The virtue of forgiving and the vice of forgetting (who we are)

Today's gospel (John 8: 1-11) sees Jesus perform one of His iconic acts of forgiveness. The woman who was brought to Him has been caught in adultery. The law is clear: she must be stoned to death. And yet Jesus blocks this process, inviting only those without sin to cast the first stones. In the end, everyone goes away, and Jesus tells the woman that He too does not condemn her but to go and sin no more.

There are several points that we could reflect on in this gospel. The first is to observe the difference between Jesus’ act of largess and what passes today for tolerance. Today's tolerance wishes to buffer the conscience against all discomfort. But that is not what Jesus does. He does not hesitate to call sin “sin”. Notice that He makes no excuses for the woman to the crowd who are mobbed about her. He does not, for example, suggest that perhaps she was committing adultery because her own marriage was so deeply unhappy, and that in this adultery she was actually clinging to an authentic expression of love. He does not forgive her on the basis that her sin was slight, or that rightly seen, she was really following the light. She was in the wrong. What she needed was not an excuse but a grace. In fact, she could not receive such a grace except from the hands of a Saviour who was intent on rescuing her. But notice finally that He sends her away with the duty to embrace her responsibilities. If she has been forgiven, she too must now change her path, put aside everything wayward, and turn back to the path that leads to God. So must we all, after sin and repentance.

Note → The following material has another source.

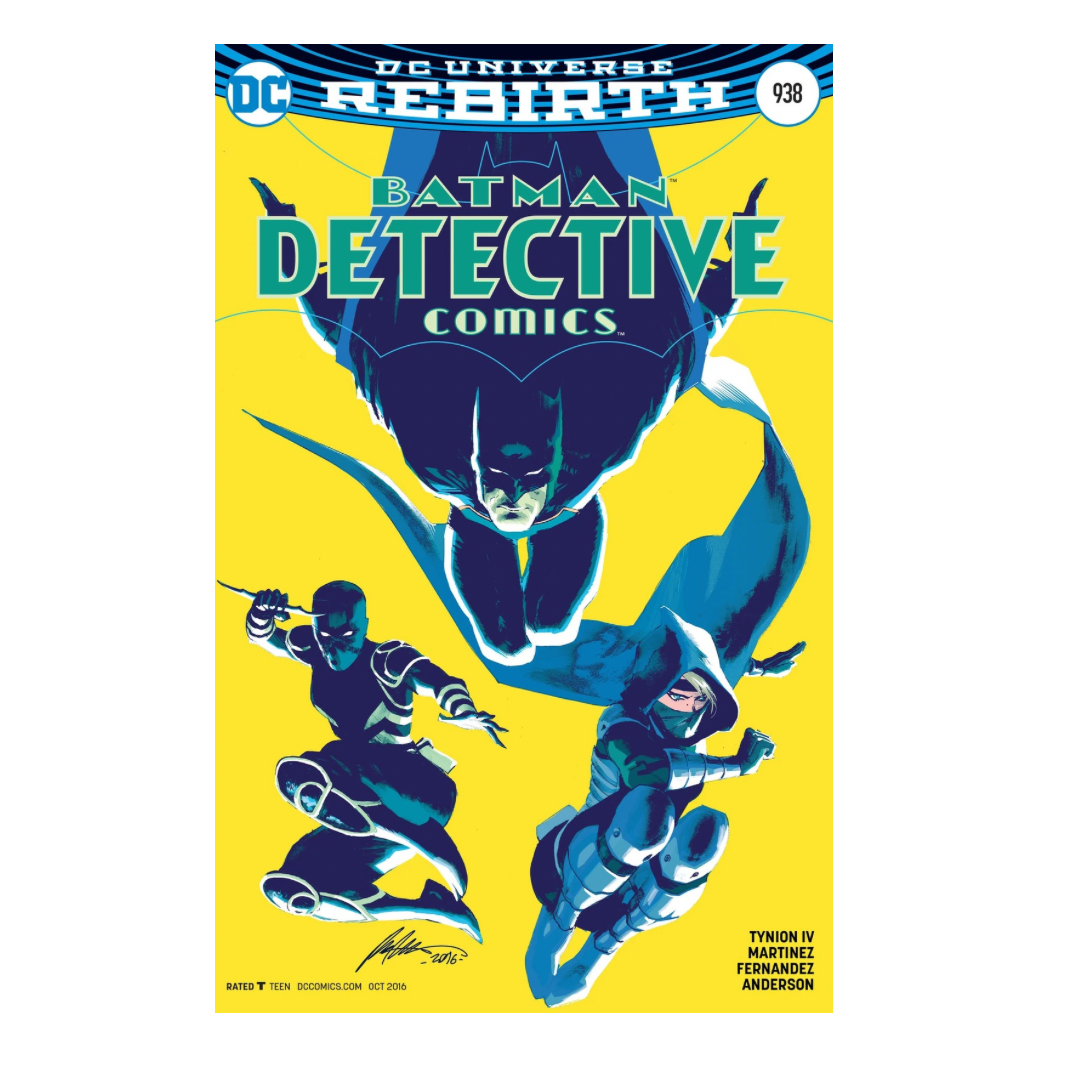 COMIC : BATMAN DETECTIVE COMICS - #938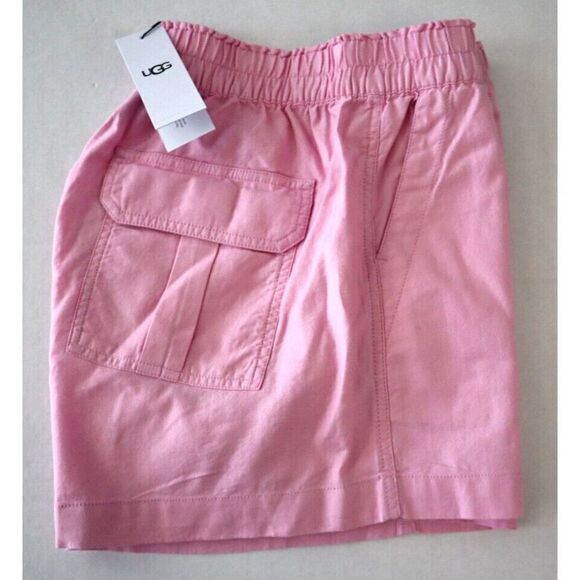 UGG 1127651 Women's Sz Medium Daydream Pink Enora Stretch Shorts - Picture 6 of 8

Perhaps the second thing to observe is the risk we run of being that mob. Naturally, we do not want to behave like this towards people whose lives are unfaithful to the path of Christ. But more than that, there is perhaps the risk in us that we behave like this mob towards Jesus. This mob, after all, is not driven by outrage over the breaking of the law. Rather, this mob is instigated by those who are the rivals of Jesus. If the scribes and Pharisees are zealous for the law, they are perhaps even more zealous about their own status, and Jesus is a rival to this status.

So how do we rival with Jesus? Perhaps we do this when we are disappointed by our failure to be perfect. If we try again to be good after sin and repentance, that is no less then Jesus asks us to do: go and sin no more. If we then sin again, the appropriate response is contrition and repentance. But perfectionism teaches us to expect more of ourselves and, therefore, to be disappointed by our failures. Perfectionism, in other words, teaches us to focus ourselves and, thereby, rival with Christ.

The danger for most of the people reading this blog (and writing it!) is not that they, like the woman in this gospel, might fall into marital infidelity (although let’s not rule out the risk entirely!). The danger is that along the path of discipleship, we all might focus on ourselves and thereby forget who we really are: souls called to the friendship of Christ.